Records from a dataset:

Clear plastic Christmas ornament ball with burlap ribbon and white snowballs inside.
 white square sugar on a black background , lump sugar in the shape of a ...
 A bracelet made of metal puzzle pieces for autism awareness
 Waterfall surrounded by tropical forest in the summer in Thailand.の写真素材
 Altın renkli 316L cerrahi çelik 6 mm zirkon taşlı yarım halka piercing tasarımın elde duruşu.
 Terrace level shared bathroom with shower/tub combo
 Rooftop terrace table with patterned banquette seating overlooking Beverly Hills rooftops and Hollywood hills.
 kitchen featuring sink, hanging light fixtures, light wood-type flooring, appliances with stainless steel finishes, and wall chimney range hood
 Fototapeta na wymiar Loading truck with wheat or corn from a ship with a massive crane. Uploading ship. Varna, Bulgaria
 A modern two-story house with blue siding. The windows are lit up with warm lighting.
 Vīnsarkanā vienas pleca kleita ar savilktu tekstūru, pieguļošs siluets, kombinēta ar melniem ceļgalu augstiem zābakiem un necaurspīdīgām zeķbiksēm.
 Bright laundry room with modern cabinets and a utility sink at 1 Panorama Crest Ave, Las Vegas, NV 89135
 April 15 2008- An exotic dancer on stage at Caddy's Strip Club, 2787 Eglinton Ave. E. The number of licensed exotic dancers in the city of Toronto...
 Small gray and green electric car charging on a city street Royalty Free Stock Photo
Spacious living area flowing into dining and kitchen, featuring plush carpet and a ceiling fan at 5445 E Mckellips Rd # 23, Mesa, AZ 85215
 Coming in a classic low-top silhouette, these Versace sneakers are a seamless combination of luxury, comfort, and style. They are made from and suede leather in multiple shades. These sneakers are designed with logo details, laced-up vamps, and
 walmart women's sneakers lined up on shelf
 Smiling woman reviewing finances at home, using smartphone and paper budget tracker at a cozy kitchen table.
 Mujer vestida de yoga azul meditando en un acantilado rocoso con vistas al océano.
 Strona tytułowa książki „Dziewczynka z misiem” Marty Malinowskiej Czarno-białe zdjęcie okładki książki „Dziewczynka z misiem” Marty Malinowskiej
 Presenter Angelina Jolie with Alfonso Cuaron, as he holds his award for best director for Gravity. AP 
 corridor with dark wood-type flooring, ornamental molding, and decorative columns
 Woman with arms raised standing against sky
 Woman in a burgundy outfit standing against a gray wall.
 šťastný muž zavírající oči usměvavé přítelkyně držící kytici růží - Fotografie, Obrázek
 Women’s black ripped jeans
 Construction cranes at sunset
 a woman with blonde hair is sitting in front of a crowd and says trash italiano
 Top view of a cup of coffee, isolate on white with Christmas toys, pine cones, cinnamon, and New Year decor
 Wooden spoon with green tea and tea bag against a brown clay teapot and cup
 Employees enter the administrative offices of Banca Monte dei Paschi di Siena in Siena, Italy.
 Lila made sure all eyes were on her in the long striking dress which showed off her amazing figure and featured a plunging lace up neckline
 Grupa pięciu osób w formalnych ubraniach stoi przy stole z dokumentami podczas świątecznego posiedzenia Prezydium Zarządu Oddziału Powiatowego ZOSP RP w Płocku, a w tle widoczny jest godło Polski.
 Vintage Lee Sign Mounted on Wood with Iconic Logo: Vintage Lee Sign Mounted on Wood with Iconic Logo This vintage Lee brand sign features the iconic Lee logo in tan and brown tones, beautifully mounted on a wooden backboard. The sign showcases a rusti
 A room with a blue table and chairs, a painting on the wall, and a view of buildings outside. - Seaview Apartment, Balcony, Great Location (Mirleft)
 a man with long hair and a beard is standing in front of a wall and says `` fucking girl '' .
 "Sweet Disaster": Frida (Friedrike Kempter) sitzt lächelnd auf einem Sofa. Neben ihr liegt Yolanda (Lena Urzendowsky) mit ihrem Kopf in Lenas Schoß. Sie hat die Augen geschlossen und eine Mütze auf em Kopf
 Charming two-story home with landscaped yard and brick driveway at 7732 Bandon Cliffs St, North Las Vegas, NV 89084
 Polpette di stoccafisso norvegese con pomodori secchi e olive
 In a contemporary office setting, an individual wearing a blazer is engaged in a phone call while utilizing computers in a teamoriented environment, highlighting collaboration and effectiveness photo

TASK BRIEF:
The expected output is every record, repeated exactly.

OUTPUT FOR THIS EXERCISE:
Clear plastic Christmas ornament ball with burlap ribbon and white snowballs inside.
 white square sugar on a black background , lump sugar in the shape of a ...
 A bracelet made of metal puzzle pieces for autism awareness
 Waterfall surrounded by tropical forest in the summer in Thailand.の写真素材
 Altın renkli 316L cerrahi çelik 6 mm zirkon taşlı yarım halka piercing tasarımın elde duruşu.
 Terrace level shared bathroom with shower/tub combo
 Rooftop terrace table with patterned banquette seating overlooking Beverly Hills rooftops and Hollywood hills.
 kitchen featuring sink, hanging light fixtures, light wood-type flooring, appliances with stainless steel finishes, and wall chimney range hood
 Fototapeta na wymiar Loading truck with wheat or corn from a ship with a massive crane. Uploading ship. Varna, Bulgaria
 A modern two-story house with blue siding. The windows are lit up with warm lighting.
 Vīnsarkanā vienas pleca kleita ar savilktu tekstūru, pieguļošs siluets, kombinēta ar melniem ceļgalu augstiem zābakiem un necaurspīdīgām zeķbiksēm.
 Bright laundry room with modern cabinets and a utility sink at 1 Panorama Crest Ave, Las Vegas, NV 89135
 April 15 2008- An exotic dancer on stage at Caddy's Strip Club, 2787 Eglinton Ave. E. The number of licensed exotic dancers in the city of Toronto...
 Small gray and green electric car charging on a city street Royalty Free Stock Photo
Spacious living area flowing into dining and kitchen, featuring plush carpet and a ceiling fan at 5445 E Mckellips Rd # 23, Mesa, AZ 85215
 Coming in a classic low-top silhouette, these Versace sneakers are a seamless combination of luxury, comfort, and style. They are made from and suede leather in multiple shades. These sneakers are designed with logo details, laced-up vamps, and
 walmart women's sneakers lined up on shelf
 Smiling woman reviewing finances at home, using smartphone and paper budget tracker at a cozy kitchen table.
 Mujer vestida de yoga azul meditando en un acantilado rocoso con vistas al océano.
 Strona tytułowa książki „Dziewczynka z misiem” Marty Malinowskiej Czarno-białe zdjęcie okładki książki „Dziewczynka z misiem” Marty Malinowskiej
 Presenter Angelina Jolie with Alfonso Cuaron, as he holds his award for best director for Gravity. AP 
 corridor with dark wood-type flooring, ornamental molding, and decorative columns
 Woman with arms raised standing against sky
 Woman in a burgundy outfit standing against a gray wall.
 šťastný muž zavírající oči usměvavé přítelkyně držící kytici růží - Fotografie, Obrázek
 Women’s black ripped jeans
 Construction cranes at sunset
 a woman with blonde hair is sitting in front of a crowd and says trash italiano
 Top view of a cup of coffee, isolate on white with Christmas toys, pine cones, cinnamon, and New Year decor
 Wooden spoon with green tea and tea bag against a brown clay teapot and cup
 Employees enter the administrative offices of Banca Monte dei Paschi di Siena in Siena, Italy.
 Lila made sure all eyes were on her in the long striking dress which showed off her amazing figure and featured a plunging lace up neckline
 Grupa pięciu osób w formalnych ubraniach stoi przy stole z dokumentami podczas świątecznego posiedzenia Prezydium Zarządu Oddziału Powiatowego ZOSP RP w Płocku, a w tle widoczny jest godło Polski.
 Vintage Lee Sign Mounted on Wood with Iconic Logo: Vintage Lee Sign Mounted on Wood with Iconic Logo This vintage Lee brand sign features the iconic Lee logo in tan and brown tones, beautifully mounted on a wooden backboard. The sign showcases a rusti
 A room with a blue table and chairs, a painting on the wall, and a view of buildings outside. - Seaview Apartment, Balcony, Great Location (Mirleft)
 a man with long hair and a beard is standing in front of a wall and says `` fucking girl '' .
 "Sweet Disaster": Frida (Friedrike Kempter) sitzt lächelnd auf einem Sofa. Neben ihr liegt Yolanda (Lena Urzendowsky) mit ihrem Kopf in Lenas Schoß. Sie hat die Augen geschlossen und eine Mütze auf em Kopf
 Charming two-story home with landscaped yard and brick driveway at 7732 Bandon Cliffs St, North Las Vegas, NV 89084
 Polpette di stoccafisso norvegese con pomodori secchi e olive
 In a contemporary office setting, an individual wearing a blazer is engaged in a phone call while utilizing computers in a teamoriented environment, highlighting collaboration and effectiveness photo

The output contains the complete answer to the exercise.